■ **Directions**
The data below calls for an exact copy.

■ **Available data**

● ● ●

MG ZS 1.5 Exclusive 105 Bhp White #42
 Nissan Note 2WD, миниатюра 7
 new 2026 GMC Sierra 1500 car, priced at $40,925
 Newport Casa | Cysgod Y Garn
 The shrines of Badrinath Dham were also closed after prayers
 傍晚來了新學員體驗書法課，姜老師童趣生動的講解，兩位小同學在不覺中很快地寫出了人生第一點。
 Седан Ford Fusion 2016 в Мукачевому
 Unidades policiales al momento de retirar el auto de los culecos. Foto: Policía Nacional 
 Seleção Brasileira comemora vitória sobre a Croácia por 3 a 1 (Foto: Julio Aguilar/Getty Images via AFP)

● ● ●

■ **Written response**
MG ZS 1.5 Exclusive 105 Bhp White #42
 Nissan Note 2WD, миниатюра 7
 new 2026 GMC Sierra 1500 car, priced at $40,925
 Newport Casa | Cysgod Y Garn
 The shrines of Badrinath Dham were also closed after prayers
 傍晚來了新學員體驗書法課，姜老師童趣生動的講解，兩位小同學在不覺中很快地寫出了人生第一點。
 Седан Ford Fusion 2016 в Мукачевому
 Unidades policiales al momento de retirar el auto de los culecos. Foto: Policía Nacional 
 Seleção Brasileira comemora vitória sobre a Croácia por 3 a 1 (Foto: Julio Aguilar/Getty Images via AFP)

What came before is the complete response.